Sob o sol quente, agachada nas pedras, a francesa Juliette Robichez, 51, moradora de Itapuã, mostra a dificuldade de se extrair o óleo. Usando uma espátula, ela raspa o óleo três, quatro vezes, junta o resíduo e põe no balde revestido com saco de lixo. Professora de Direito, Juliette vem ajudando desde o começo, mas quase não saía de casa hoje. A foto de uma enorme tartaruga-cabeçuda morta, encontrada ao lado do farol, e a motivação do professor de jiu-jítsu a fez reunir os equipamentos e se juntar ao grupo às 7h da manhã. “Eu nem quis chegar perto para ver a tartaruga porque senão sinto vontade de chorar, é muito triste. Com o mar sujo, Salvador perde a sua alma. Não é só o turismo. É a identidade baiana, que está relacionada ao acarajé, à moqueca e todas as outras comidas [de mariscos] que temos aqui. Eu me apaixonei por Salvador por causa do mar”, lamenta ela.Pescadores, cientistas, surfistas, filhos de santo, moradores de regiões afetadas e tantas outras pessoas estão, há dias, numa luta quase diária para conter as consequências deste que já é considerado o maior desastre do litoral brasileiro. Alguns deles tentam explicar de onde vem esta onda de união e o ímpeto de fazer algo. O movimento humano em prol da causa surpreendeu Juvenal, que não esperava tamanha adesão. Voluntários enfrentam luta diária para conter o óleo (Foto: Guardiões do Litoral/Reprodução) Onda de união Ao todo, 17 praias são monitoradas pelos Guardiões do Litoral, cada uma com seu líder. Pela manhã, logo cedo, eles checam a situação dos determinados locais para ver se tem registro de óleo e avisam no grupo de WhatsApp. A partir daí, todos são chamados para formar o mutirão.

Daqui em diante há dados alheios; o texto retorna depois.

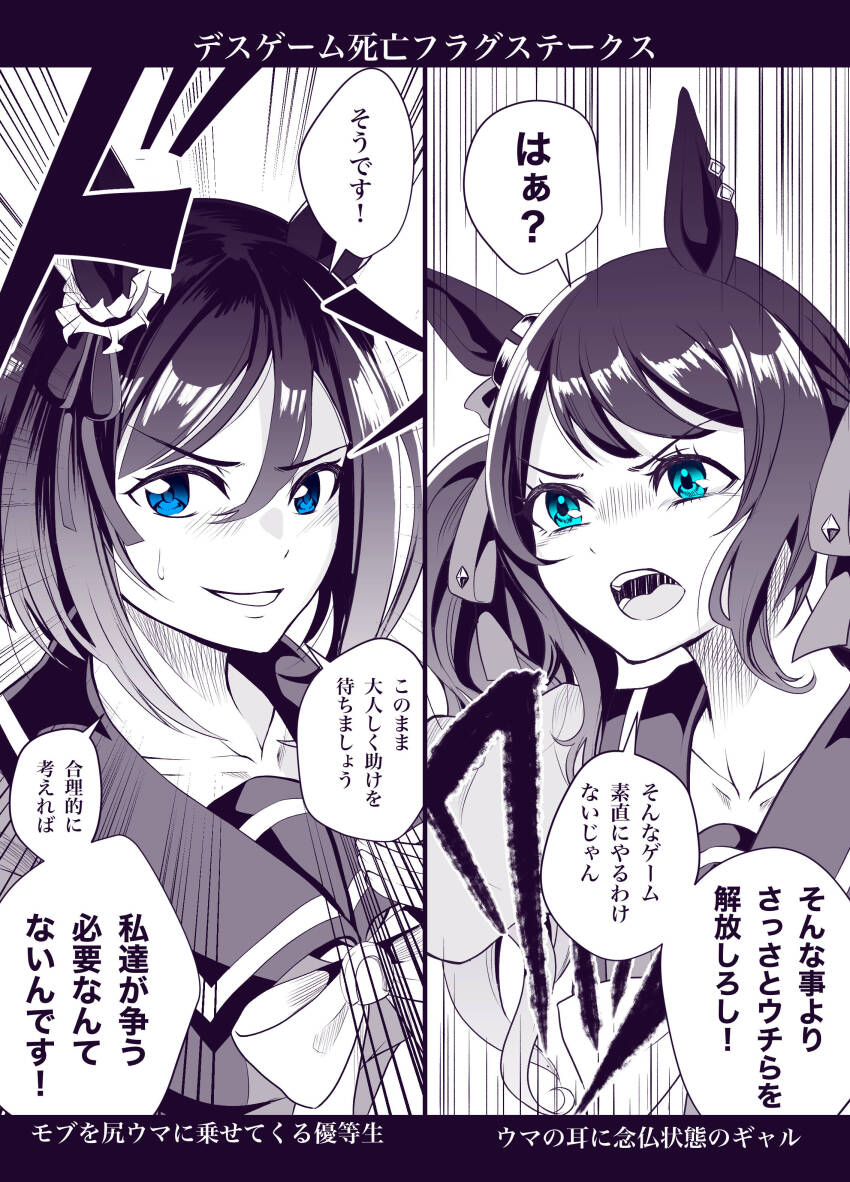 2girls absurdres animal_ears aqua_eyes black_theme blue_eyes bow bowtie collarbone comic commentary_request death_flag ear_ornament eishin_flash_(umamusume) emphasis_lines grin hair_between_eyes hair_ribbon highres horse_ears horse_girl long_hair multiple_girls natuumi_(jmwy5354) open_mouth ribbon sailor_collar sailor_shirt school_uniform shirt shouting sidelocks smile speech_bubble spot_color sweatdrop tosen_jordan_(umamusume) tracen_school_uniform translation_request twintails umamusume umayuru v-shaped_eyebrows winter_uniform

No ‘zap’ de Itapuã são 44 membros ativos, mas tem gente que chega lá de forma espontânea, já que as as mensagens vão sendo compartilhadas.
“O grupo é formado por pessoas apaixonadas pelo mar, que têm preocupação com a causa ambiental. A gente se juntou para não deixar esse nosso paraíso se acabar. Se cada pessoa traz mais uma, são 88. E se essas trazem mais uma, vai dobrando e dobrando, a gente não esperava tanta adesão, é bonito de ver”, conta Juvenal, que surfa desde criança.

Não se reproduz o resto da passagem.